Aim of the task: Search the records below for the string "blue" and copy each line where it turns up.

BEGIN Materials provided

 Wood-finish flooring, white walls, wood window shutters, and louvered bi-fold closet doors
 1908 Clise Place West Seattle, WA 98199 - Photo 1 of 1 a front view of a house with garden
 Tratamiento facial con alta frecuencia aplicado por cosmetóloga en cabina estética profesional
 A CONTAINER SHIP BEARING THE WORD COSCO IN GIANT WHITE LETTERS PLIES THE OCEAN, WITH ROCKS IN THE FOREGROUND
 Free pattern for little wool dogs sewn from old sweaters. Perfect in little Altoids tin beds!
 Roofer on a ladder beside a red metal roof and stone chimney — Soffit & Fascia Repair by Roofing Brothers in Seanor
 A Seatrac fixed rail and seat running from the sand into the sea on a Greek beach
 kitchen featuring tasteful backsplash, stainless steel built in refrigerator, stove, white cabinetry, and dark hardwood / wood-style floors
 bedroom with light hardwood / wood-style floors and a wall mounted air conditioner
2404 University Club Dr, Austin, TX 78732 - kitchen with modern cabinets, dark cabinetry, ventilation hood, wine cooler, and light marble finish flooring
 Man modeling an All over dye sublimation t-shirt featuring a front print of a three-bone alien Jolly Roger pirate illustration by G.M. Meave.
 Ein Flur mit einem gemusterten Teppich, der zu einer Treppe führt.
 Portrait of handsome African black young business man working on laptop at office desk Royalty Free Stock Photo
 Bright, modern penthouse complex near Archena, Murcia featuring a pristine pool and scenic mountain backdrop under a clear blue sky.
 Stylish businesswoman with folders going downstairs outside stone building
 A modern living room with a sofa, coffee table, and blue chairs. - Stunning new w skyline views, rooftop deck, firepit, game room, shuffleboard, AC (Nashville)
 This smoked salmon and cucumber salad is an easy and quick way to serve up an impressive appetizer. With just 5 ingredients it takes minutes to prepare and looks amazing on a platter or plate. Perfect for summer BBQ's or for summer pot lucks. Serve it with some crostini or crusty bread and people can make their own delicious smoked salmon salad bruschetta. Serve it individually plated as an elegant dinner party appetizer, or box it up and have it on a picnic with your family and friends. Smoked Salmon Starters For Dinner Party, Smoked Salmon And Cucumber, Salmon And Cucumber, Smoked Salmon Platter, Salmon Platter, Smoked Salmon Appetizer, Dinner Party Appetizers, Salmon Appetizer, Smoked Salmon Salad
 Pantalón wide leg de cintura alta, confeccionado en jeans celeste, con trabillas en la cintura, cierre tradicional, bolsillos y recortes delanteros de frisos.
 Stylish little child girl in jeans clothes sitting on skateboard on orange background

END Materials provided

Solution:
 Bright, modern penthouse complex near Archena, Murcia featuring a pristine pool and scenic mountain backdrop under a clear blue sky.
 A modern living room with a sofa, coffee table, and blue chairs. - Stunning new w skyline views, rooftop deck, firepit, game room, shuffleboard, AC (Nashville)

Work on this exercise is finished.